Lihatlah pula bagaimana para Rasul dan Nabi ‘alaihissalam itu terdiri dari para kaum lelaki:



“Kami (Allah) tidak pernah mengutus rasul yang sebelummu (Muhammad) melainkan orang-orang lelaki yang Kami berikan wahyu kepada mereka itu.” (QS 21:7)



Begitu pula para pemimpin. Sebagaimana Adam as. sebagai khalifah, maka kaum lelaki juga memegang estafet kepemimpinan:



“Kami telah menjadikan mereka itu sebagai pemimpin-pemimpin yang memberi petunjuk dengan perintah Kami dan telah Kami wahyukan kepada mereka mengerjakan kebajikan, mendirikan sholat, menunaikan zakat, dan hanya kepada Kamilah mereka selalu menyembah” (QS 21:73)



MALAH, pada mereka, sebagai khalifah dan pemimpin tersebut, dipikulkan amanat untuk memakmurkan bumi:



“…………………………………… Dia telah menciptakan kamu dari bumi (tanah) dan menjadikan kamu pemakmurnya……………..” (QS 11:61)



Sebagai pemimpin, iapun harus bertanggung jawab terhadap kepemimpinannya.



“Semua kamu adalah pemimpin dan bertanggung jawab atas kepemimpinannya. Seorang Imam, (kepala pemeritahan/Negara), pemimpin dan bertanggung-jawab atas rakyatnya. Seorang suami pemimpin dalam keluarganya dan bertanggung-jawab atas kepemimpinannya. Seorang istri pemimpin dan bertanggung-jawab atas penggunaan harta suaminya.
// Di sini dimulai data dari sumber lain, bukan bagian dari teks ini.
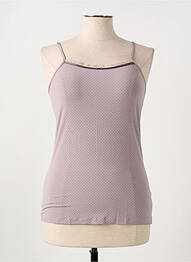 Top/caraco tissage satiné marron MEY femme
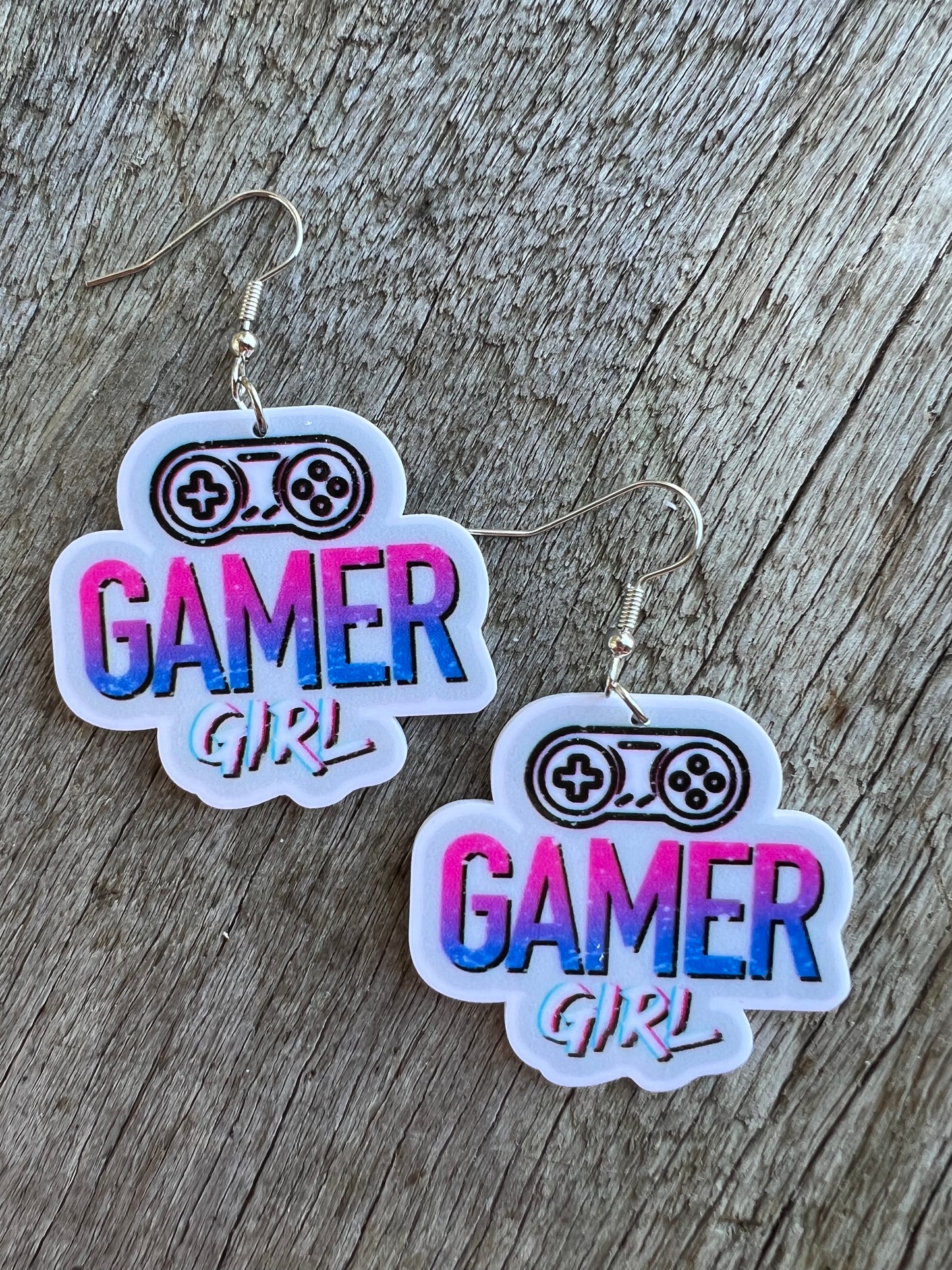 Gamer Girl Ombre Earrings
Seorang pelayan (karyawan) bertangung-jawab atas harta majikannya. Seorang anak bertanggung-jawab atas penggunaan harta ayahnya.” (HR. Al-Bukhari dan Muslim)



KARENA fokus pembicaraan tentang lelaki, maka titik tujunya pun pada kepemimpinan lelaki. Baik di eselon tertinggi sebagai kepala Negara atau pemerintahan terhadap rakyatnya, maupun di hierarki selanjutnya sebagai kepala keluarga, terhadap anak istrinya.



MELIHAT HAL ini, tentu kedudukan para lelaki ini sangatlah penting sekali. Urgen! Sebagai wakil Allah di muka bumi dan sebagai pemimpin untuk memakmurkan dan mensejahterakan mereka yang dipimpinnya lahir maupun batin. Dunia ataupun akhirat.



Tentu saja kepemimpinan seperti itu, kita dapati contoh terbaik nya di zaman tokoh ideal, contoh teladan yang baik, yaitu pada diri Rasulullah shalallahu ‘alaihi wasallam..



Ini kita dapati pada informasi al Qur’an:



“Sesungguhnya telah ada pada (diri) Rasulullah itu suri teladan yang baik bagimu (yaitu) bagi orang yang mengharap (rahmat) Allah dan (kedatangan) hari kiamat dan dia banyak menyebut Allah.” (QS 33:21)



Sehingga rakyat, masyarakat/umat yang dipimpinnya dinyatakan sebagai umat yang terbaik yang dilahirkan untuk manusia. Umat yang adil dan pilihan, yang menjadi saksi atas perbuatan manusia, dan Rasul menjadi saksi atas perbuatan umatnya.



“Kamu adalah umat yang terbaik yang dilahirkan untuk manusia, menyuruh kepada yang makruf, dan mencegah dari yang mungkar, dan beriman kepada Allah…………” (QS 3:110)



“Dan demikian (pula) Kami telah menjadikan kamu (umat Islam), umat yang adil dan pilihan agar kamu menjadi saksi atas (perbuatan) manusia dan agar Rasul (Muhammad) menjadi saksi atas (pebuatan) kamu…….. “ (QS 2;143)



DEMIKIANLAH. Terdapatlah suatu umat yang menjadi model ideal untuk segala zaman!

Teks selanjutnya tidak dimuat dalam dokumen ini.